Speaker: Davide Bossini, University of Konstanz

Time: 2026-05-07 10：00

Venue: Room W105, Physics Building

Abstract:The advent of artificial intelligence is generating a higher-than-ever demand of data transfer, processing and storage in the cloud. Present-day data processing technology cannot be scaled up to THz frequency. It has been proposed that magnetic waves in solids, i.e. spin waves or magnons, are promising information carriers for future THz information technology with low energy dissipations. In this talk, I will focus on collective magnetic excitations (i.e. magnons). I will briefly discuss how these excitations can be coupled to charge degrees of freedom - a key concept underlying spintronics - highlighting recent progress involving processes at terahertz frequencies [1-2]. The main part of the talk will address the optical manipulation of magnons. I will show how resonant excitation of specific magnetic and electronic transitions drives the system into non-equilibrium states in which magnon modes, that are not directly excited, become activated and substantially modified. In particular magnon frequencies can be modified up to 40% of their original value at room temperature in a 20 nm thick magnet [3]. Alternatively, the resonant pumping of high-momentum magnons can be explored by means of mid-infrared laser pulses. This excitation pathway activates distinct zone-center modes whose amplitudes and frequencies are strongly renormalized compared to their equilibrium values [4]. I will conclude by outlining future perspectives of this research direction, with the long-term goal of achieving arbitrary optical control over magnon dispersion relations in quantum materials.

Bio：Dr.

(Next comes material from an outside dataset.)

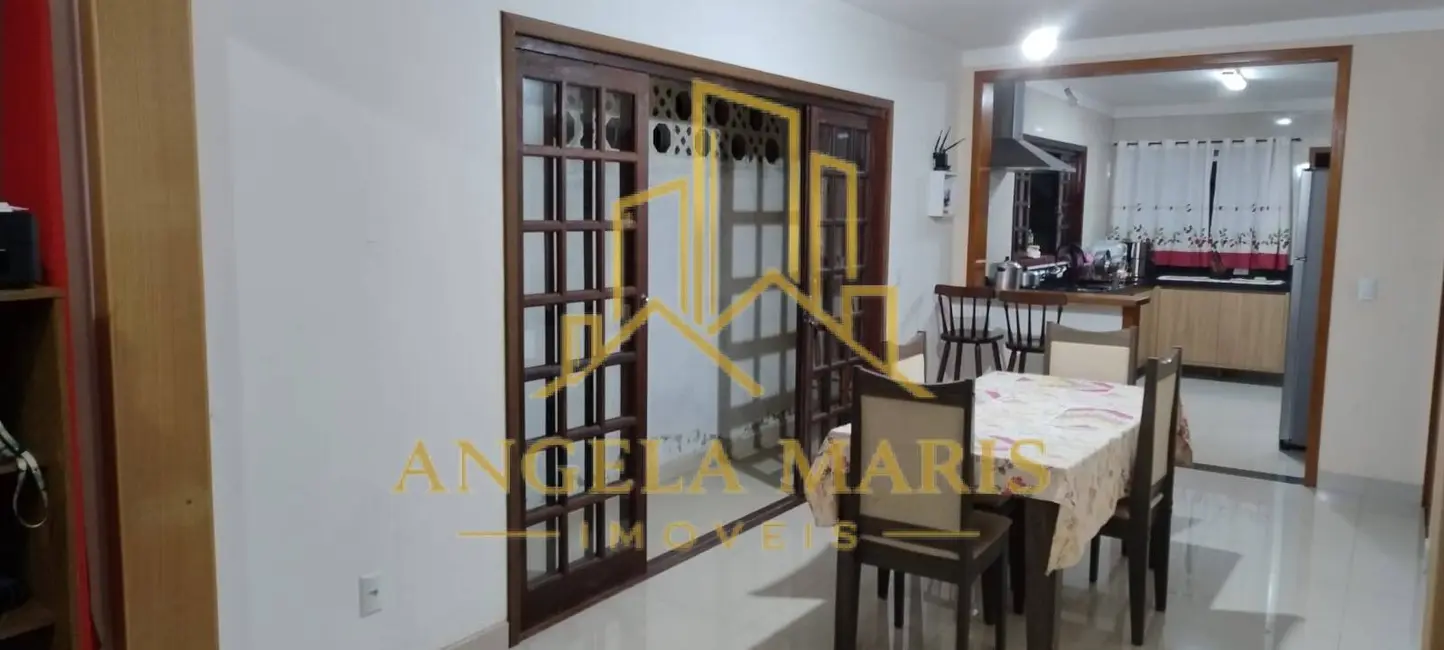 Casa com 3 quartos à venda, 225m2 em Sao Jose Dos Campos - SP - imagem 7 Foto 7 de Casa com 3 quartos à venda, 225m2 em Sao Jose Dos Campos - SP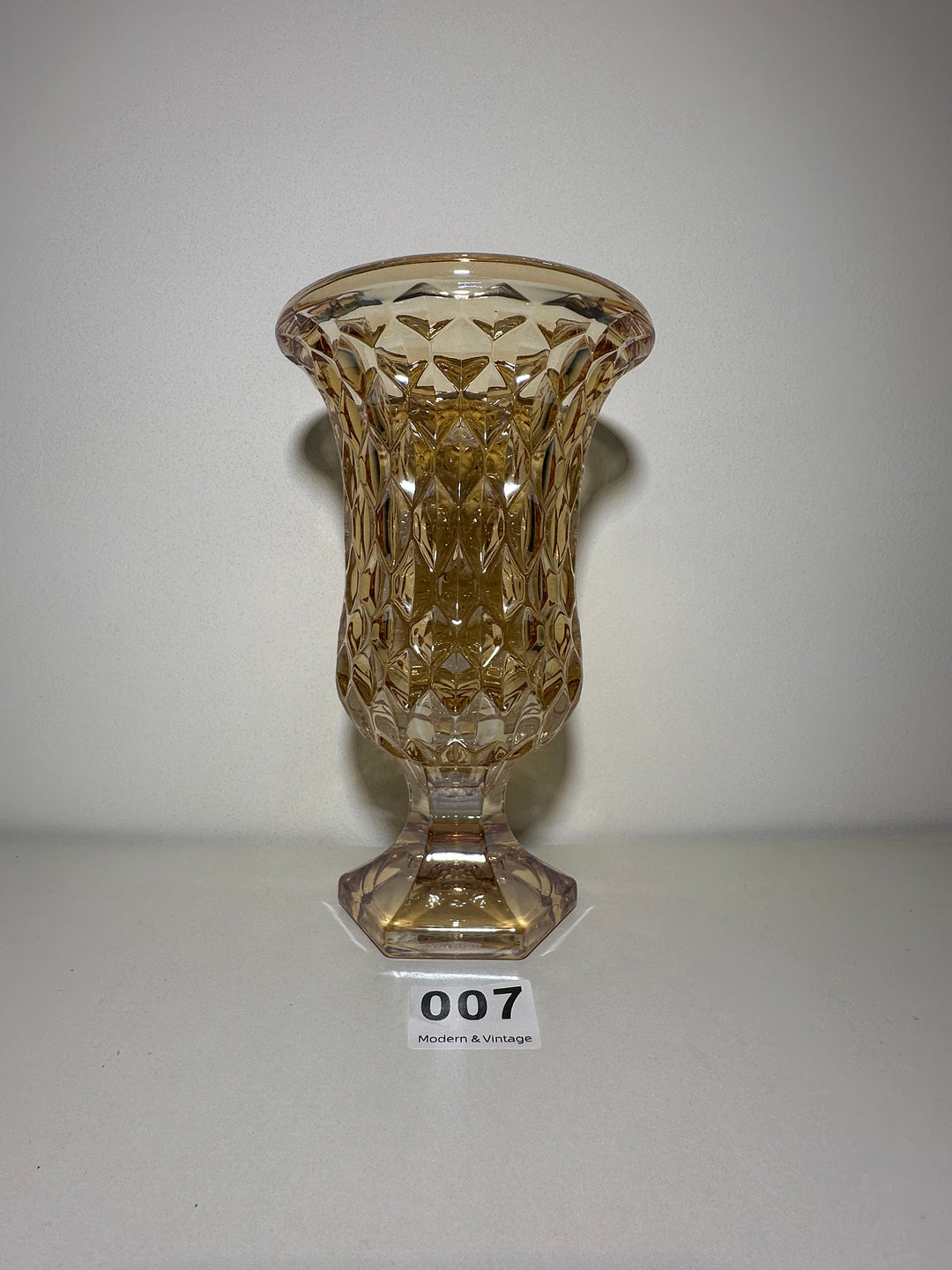 Vintage V007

Davide Bossini received his PhD at the Radboud University Nijmegen (The Netherlands) in 2015, focusing on the optical generation of coherent magnons in dielectric materials with several technique. He spent then two years as a postdoctoral fellow in the University of Tokyo, supported by a JSPS (Japanese Society for the Promotion of Science) fellowship. He was then appointed as junior group leader at the TU Dortmund (Germany). After being awarded the prestigious Emmy Noether grant from the German Science Foundation (DFG), he moved to the University of Konstanz (Germany), where he set up his own junior group. Dr. Bossini’s contribution to the field of optical control of quantum materials has been recognised by the IEEE Magnetics Society “Early Career Award” (2019) and the I-LAMP “Early Career Award” (2020).